> **DATASET ENTRIES**:

- - -

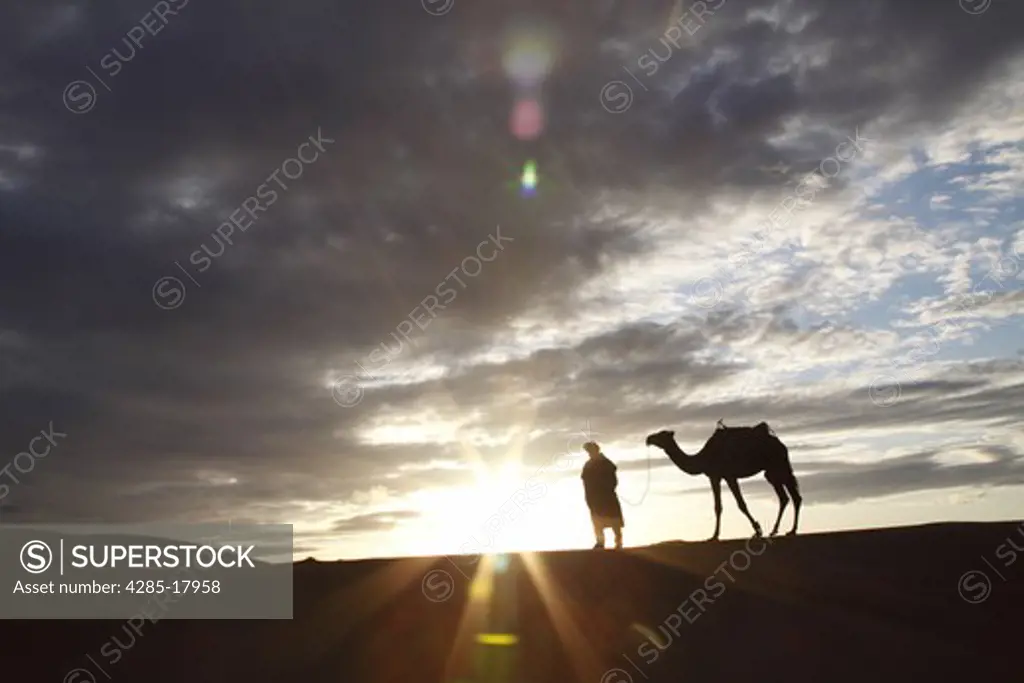 Africa, North Africa, Morocco, Sahara Desert, Merzouga, Erg Chebbi, Berber Tribesman Leading Camel, Sunrise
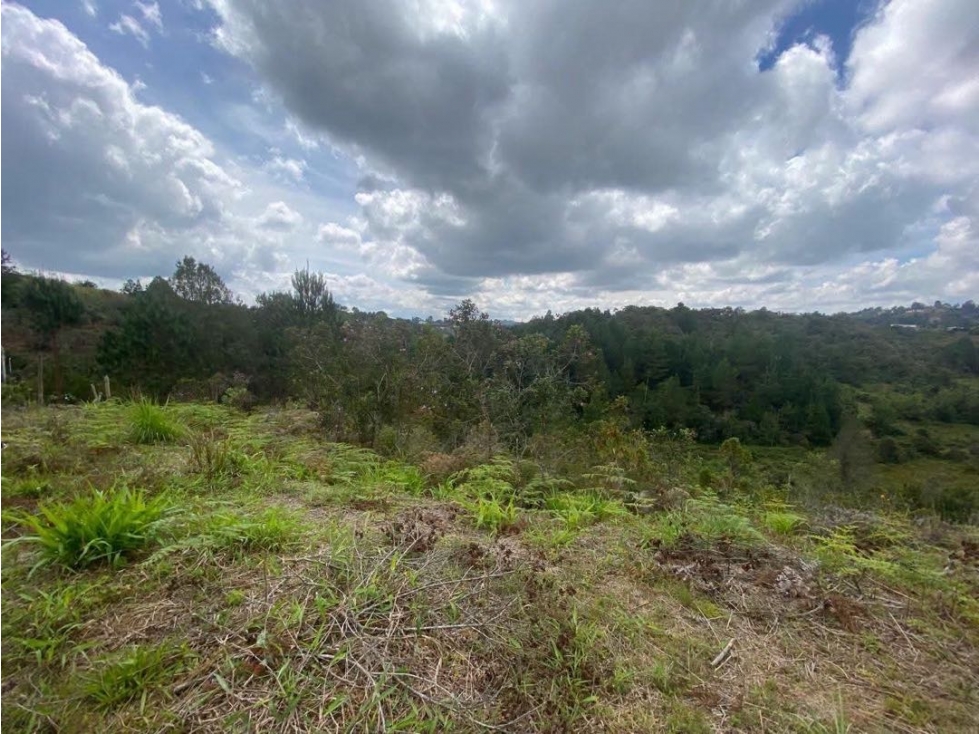Vendo Lote En San Vicente De Ferrer Antioquia $268M — foto 4
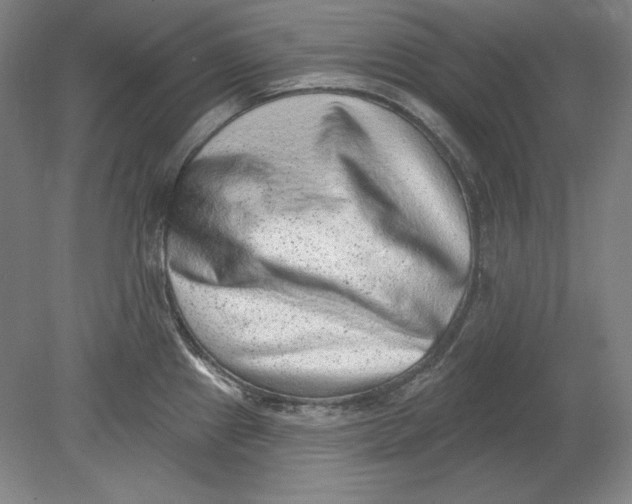 X0000080721241200701021046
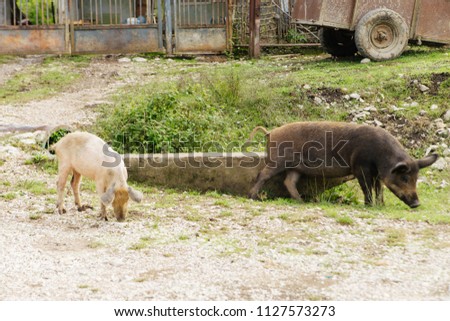 pigs walk near the House in the village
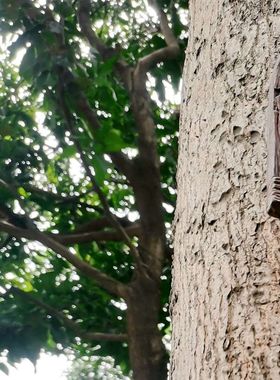 花园侏儒小矮人攀爬绳树脂工艺品摆件圣诞装饰品户外庭院布置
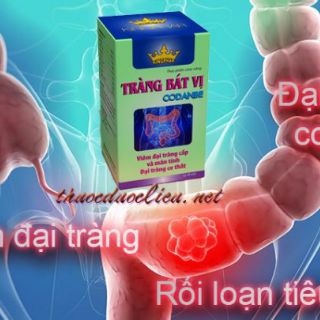 TRÀNG BÁT VỊ-CODANBE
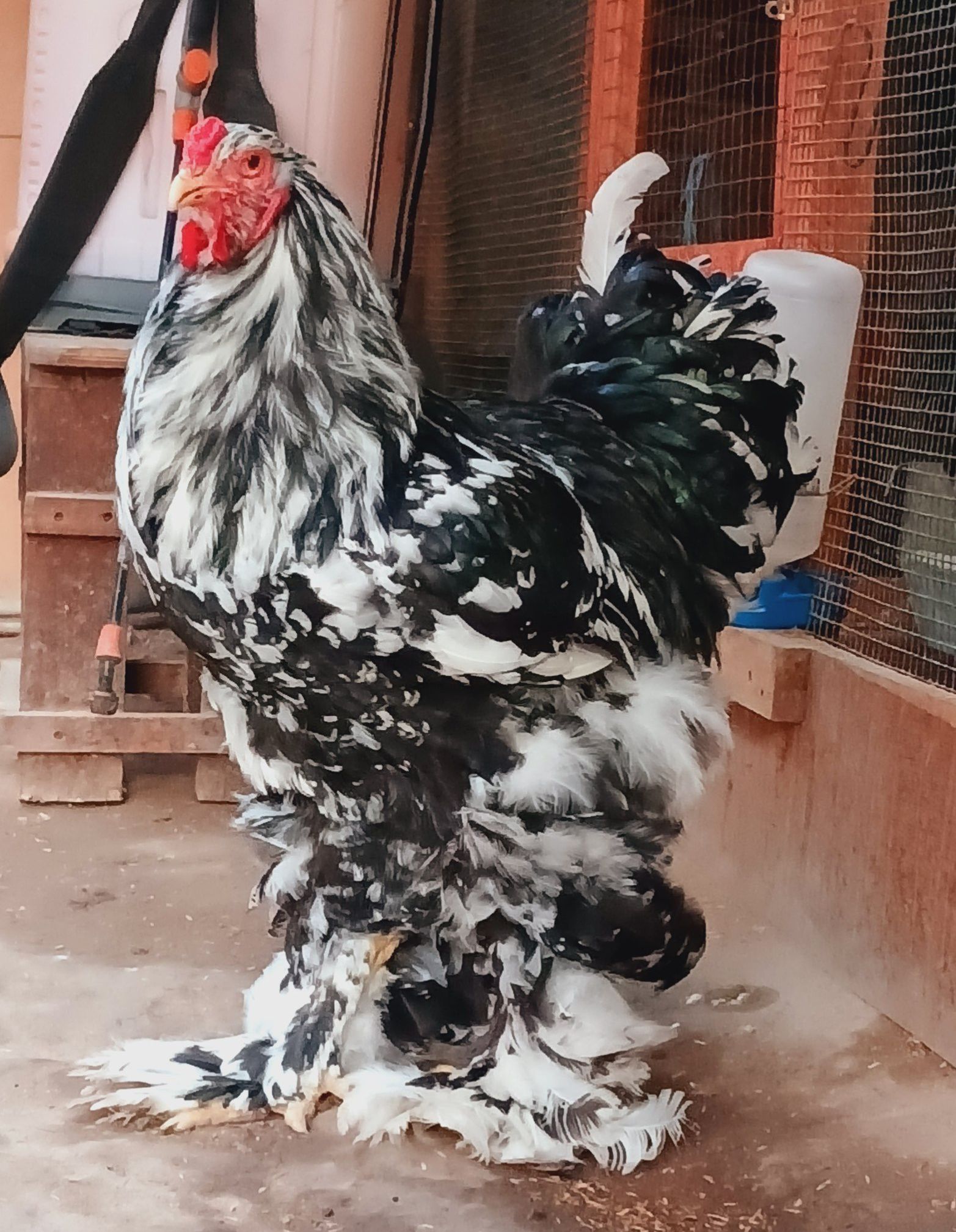 Criadero REX Gallinas Ornamentales Brahma, Y Más Lima-Perú | Lima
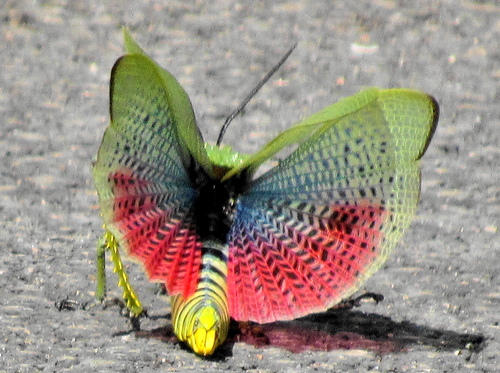 Green Milkweed Locust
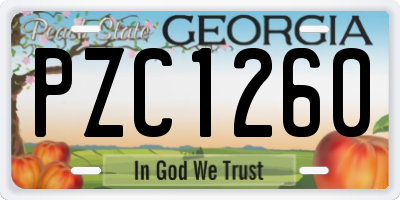 GA license plate PZC1260
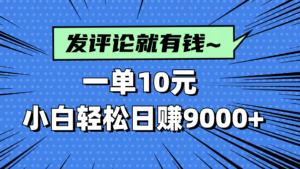 评论就有收益,一单10元,小白也能轻松日赚9000+-川川创富网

- - -

Each entry above is to be written out again unchanged, apart from the pictures, which are left out.

> **ANSWER BOX**:
 Africa, North Africa, Morocco, Sahara Desert, Merzouga, Erg Chebbi, Berber Tribesman Leading Camel, Sunrise
Vendo Lote En San Vicente De Ferrer Antioquia $268M — foto 4
 X0000080721241200701021046
 pigs walk near the House in the village
 花园侏儒小矮人攀爬绳树脂工艺品摆件圣诞装饰品户外庭院布置
 TRÀNG BÁT VỊ-CODANBE
 Criadero REX Gallinas Ornamentales Brahma, Y Más Lima-Perú | Lima
 Green Milkweed Locust
 GA license plate PZC1260
 评论就有收益,一单10元,小白也能轻松日赚9000+-川川创富网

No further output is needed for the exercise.